• _What the task requires_
Give again the entries below exactly, beginning at the first line and ending at the line with "2021 Honda Accord LX".

• _Entries supplied_
· · · · · · ·
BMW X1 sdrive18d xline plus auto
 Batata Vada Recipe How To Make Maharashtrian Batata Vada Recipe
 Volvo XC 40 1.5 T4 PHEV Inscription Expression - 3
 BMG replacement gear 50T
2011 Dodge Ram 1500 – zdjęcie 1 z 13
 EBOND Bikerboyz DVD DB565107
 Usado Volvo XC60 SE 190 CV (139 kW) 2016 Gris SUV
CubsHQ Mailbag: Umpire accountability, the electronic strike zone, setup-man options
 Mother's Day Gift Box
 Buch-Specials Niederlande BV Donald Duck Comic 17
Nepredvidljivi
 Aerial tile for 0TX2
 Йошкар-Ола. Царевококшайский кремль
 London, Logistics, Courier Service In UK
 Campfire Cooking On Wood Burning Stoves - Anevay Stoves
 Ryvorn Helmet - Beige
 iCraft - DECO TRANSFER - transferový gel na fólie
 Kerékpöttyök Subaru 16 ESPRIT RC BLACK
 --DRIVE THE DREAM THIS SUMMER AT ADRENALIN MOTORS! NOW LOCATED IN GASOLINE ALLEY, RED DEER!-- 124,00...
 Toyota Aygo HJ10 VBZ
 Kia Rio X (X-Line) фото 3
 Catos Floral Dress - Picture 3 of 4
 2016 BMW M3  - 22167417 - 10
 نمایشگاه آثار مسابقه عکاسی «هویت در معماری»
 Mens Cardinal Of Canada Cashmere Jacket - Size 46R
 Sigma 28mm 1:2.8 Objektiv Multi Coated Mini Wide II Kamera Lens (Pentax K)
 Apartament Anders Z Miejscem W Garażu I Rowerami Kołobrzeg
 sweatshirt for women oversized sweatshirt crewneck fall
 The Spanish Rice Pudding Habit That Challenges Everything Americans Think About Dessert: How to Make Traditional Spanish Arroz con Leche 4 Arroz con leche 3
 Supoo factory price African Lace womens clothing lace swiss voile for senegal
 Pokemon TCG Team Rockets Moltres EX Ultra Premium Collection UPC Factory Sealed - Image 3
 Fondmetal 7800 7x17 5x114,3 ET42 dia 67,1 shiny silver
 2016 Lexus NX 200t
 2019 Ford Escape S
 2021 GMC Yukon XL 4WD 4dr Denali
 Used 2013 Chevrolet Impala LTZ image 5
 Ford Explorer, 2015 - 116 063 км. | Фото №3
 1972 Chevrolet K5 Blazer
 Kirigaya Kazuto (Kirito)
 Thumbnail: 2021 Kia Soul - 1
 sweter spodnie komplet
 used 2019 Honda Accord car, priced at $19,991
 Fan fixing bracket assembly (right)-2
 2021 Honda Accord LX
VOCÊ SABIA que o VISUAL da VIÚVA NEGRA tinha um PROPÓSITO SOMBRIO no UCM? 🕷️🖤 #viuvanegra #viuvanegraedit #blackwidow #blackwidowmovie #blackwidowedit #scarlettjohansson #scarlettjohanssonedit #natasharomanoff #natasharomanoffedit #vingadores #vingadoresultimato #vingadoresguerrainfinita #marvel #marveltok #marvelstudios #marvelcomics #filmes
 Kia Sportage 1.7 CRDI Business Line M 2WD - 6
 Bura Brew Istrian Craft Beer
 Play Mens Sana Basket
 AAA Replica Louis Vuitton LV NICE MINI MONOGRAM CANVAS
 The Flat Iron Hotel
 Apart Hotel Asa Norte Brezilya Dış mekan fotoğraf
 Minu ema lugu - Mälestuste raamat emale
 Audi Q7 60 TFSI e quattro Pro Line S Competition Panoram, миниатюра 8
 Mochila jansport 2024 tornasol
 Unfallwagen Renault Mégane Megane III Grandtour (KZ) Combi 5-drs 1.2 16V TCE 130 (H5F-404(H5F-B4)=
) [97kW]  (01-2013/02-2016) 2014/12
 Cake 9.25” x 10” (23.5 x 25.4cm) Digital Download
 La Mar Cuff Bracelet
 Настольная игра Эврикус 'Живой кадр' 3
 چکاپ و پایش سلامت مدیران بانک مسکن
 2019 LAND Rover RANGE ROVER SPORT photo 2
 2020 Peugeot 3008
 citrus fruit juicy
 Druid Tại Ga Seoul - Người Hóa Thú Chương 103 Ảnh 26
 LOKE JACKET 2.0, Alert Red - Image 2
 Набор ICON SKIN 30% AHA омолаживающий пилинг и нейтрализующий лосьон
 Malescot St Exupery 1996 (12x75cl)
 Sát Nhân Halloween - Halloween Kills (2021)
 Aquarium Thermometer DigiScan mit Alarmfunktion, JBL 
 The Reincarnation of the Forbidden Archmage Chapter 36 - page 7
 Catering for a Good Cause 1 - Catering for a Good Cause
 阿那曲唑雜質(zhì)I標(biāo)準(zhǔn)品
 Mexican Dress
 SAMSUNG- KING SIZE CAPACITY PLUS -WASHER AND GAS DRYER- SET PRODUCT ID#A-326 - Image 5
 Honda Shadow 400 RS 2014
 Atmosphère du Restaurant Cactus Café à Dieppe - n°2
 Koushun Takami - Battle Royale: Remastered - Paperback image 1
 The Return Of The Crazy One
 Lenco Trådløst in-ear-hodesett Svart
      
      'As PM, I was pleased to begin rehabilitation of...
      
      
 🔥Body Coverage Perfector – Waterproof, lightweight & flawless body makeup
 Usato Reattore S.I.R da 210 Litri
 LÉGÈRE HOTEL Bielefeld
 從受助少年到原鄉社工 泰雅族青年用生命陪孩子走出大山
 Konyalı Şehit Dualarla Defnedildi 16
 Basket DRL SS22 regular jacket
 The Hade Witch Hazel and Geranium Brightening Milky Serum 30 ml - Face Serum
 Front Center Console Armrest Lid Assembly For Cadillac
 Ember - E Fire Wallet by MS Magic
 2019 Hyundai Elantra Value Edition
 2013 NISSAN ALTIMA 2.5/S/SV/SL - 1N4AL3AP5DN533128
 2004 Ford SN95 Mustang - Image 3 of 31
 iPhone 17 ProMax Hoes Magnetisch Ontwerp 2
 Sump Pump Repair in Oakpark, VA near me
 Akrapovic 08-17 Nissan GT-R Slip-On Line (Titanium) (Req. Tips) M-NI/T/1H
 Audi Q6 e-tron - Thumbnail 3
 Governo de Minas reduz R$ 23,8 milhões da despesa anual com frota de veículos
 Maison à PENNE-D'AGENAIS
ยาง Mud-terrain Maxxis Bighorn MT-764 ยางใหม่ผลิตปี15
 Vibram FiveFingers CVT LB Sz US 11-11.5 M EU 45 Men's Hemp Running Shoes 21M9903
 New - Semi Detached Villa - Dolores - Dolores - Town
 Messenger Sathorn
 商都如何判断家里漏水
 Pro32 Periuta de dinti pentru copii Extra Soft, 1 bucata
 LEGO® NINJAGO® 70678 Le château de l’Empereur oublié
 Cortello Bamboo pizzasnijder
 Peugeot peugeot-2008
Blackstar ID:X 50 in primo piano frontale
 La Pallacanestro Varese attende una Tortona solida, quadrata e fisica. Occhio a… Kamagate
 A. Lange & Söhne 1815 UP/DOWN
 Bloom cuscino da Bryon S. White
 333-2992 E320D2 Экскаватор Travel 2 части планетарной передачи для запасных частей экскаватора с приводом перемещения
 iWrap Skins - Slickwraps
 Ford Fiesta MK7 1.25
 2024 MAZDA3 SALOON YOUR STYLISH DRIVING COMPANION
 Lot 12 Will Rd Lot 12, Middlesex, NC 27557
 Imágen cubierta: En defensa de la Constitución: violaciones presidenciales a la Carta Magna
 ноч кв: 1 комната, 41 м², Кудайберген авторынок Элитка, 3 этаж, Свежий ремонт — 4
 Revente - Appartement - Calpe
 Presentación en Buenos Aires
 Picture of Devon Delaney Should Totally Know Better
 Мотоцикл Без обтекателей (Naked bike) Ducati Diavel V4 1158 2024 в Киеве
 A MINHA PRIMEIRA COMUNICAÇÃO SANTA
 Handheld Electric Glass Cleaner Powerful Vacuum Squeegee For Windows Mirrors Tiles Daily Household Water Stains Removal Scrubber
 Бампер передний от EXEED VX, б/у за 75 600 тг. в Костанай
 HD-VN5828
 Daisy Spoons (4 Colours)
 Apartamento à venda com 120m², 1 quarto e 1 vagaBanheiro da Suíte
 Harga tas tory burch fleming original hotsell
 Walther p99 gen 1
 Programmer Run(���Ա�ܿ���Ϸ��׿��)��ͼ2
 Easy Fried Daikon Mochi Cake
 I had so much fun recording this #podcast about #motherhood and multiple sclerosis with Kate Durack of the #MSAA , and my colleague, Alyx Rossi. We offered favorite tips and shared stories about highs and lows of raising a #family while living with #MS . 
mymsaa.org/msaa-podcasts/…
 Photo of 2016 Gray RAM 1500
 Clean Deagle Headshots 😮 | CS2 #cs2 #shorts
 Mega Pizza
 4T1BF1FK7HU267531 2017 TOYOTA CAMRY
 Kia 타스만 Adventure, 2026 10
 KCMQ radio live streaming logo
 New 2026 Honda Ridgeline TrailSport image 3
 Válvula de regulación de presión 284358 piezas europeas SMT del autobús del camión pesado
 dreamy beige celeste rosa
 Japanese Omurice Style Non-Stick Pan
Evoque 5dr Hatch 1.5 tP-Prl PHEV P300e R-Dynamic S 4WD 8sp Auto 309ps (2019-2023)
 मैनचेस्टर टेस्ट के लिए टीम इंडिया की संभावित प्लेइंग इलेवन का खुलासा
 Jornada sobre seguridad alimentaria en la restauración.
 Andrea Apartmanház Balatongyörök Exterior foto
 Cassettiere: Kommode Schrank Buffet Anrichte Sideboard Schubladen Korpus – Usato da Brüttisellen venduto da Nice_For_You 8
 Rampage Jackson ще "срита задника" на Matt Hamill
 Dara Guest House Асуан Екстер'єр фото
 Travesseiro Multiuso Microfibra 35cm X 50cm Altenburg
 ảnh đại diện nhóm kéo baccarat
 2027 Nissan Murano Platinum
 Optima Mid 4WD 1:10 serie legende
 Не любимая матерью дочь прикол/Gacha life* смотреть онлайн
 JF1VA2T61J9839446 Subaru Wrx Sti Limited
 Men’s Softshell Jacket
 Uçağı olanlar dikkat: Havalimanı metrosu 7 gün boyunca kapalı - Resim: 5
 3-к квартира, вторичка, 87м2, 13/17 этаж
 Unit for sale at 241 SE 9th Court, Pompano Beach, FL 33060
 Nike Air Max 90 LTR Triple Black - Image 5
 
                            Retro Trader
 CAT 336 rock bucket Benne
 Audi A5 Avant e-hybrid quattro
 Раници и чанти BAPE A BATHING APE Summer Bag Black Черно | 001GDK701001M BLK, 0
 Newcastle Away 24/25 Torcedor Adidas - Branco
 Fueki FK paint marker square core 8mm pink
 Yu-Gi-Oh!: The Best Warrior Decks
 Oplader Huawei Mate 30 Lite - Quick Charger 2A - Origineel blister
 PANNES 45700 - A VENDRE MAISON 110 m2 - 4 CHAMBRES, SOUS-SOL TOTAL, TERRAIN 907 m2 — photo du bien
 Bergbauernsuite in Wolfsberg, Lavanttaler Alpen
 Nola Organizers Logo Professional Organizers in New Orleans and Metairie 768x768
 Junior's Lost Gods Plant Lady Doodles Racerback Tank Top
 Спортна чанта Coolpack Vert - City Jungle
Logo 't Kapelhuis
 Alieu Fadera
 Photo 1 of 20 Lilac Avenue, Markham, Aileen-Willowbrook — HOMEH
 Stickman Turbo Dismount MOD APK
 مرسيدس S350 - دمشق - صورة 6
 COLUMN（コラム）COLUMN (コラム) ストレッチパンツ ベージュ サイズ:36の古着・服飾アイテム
· · · · · · ·
• _Result_
BMW X1 sdrive18d xline plus auto
 Batata Vada Recipe How To Make Maharashtrian Batata Vada Recipe
 Volvo XC 40 1.5 T4 PHEV Inscription Expression - 3
 BMG replacement gear 50T
2011 Dodge Ram 1500 – zdjęcie 1 z 13
 EBOND Bikerboyz DVD DB565107
 Usado Volvo XC60 SE 190 CV (139 kW) 2016 Gris SUV
CubsHQ Mailbag: Umpire accountability, the electronic strike zone, setup-man options
 Mother's Day Gift Box
 Buch-Specials Niederlande BV Donald Duck Comic 17
Nepredvidljivi
 Aerial tile for 0TX2
 Йошкар-Ола. Царевококшайский кремль
 London, Logistics, Courier Service In UK
 Campfire Cooking On Wood Burning Stoves - Anevay Stoves
 Ryvorn Helmet - Beige
 iCraft - DECO TRANSFER - transferový gel na fólie
 Kerékpöttyök Subaru 16 ESPRIT RC BLACK
 --DRIVE THE DREAM THIS SUMMER AT ADRENALIN MOTORS! NOW LOCATED IN GASOLINE ALLEY, RED DEER!-- 124,00...
 Toyota Aygo HJ10 VBZ
 Kia Rio X (X-Line) фото 3
 Catos Floral Dress - Picture 3 of 4
 2016 BMW M3  - 22167417 - 10
 نمایشگاه آثار مسابقه عکاسی «هویت در معماری»
 Mens Cardinal Of Canada Cashmere Jacket - Size 46R
 Sigma 28mm 1:2.8 Objektiv Multi Coated Mini Wide II Kamera Lens (Pentax K)
 Apartament Anders Z Miejscem W Garażu I Rowerami Kołobrzeg
 sweatshirt for women oversized sweatshirt crewneck fall
 The Spanish Rice Pudding Habit That Challenges Everything Americans Think About Dessert: How to Make Traditional Spanish Arroz con Leche 4 Arroz con leche 3
 Supoo factory price African Lace womens clothing lace swiss voile for senegal
 Pokemon TCG Team Rockets Moltres EX Ultra Premium Collection UPC Factory Sealed - Image 3
 Fondmetal 7800 7x17 5x114,3 ET42 dia 67,1 shiny silver
 2016 Lexus NX 200t
 2019 Ford Escape S
 2021 GMC Yukon XL 4WD 4dr Denali
 Used 2013 Chevrolet Impala LTZ image 5
 Ford Explorer, 2015 - 116 063 км. | Фото №3
 1972 Chevrolet K5 Blazer
 Kirigaya Kazuto (Kirito)
 Thumbnail: 2021 Kia Soul - 1
 sweter spodnie komplet
 used 2019 Honda Accord car, priced at $19,991
 Fan fixing bracket assembly (right)-2
 2021 Honda Accord LX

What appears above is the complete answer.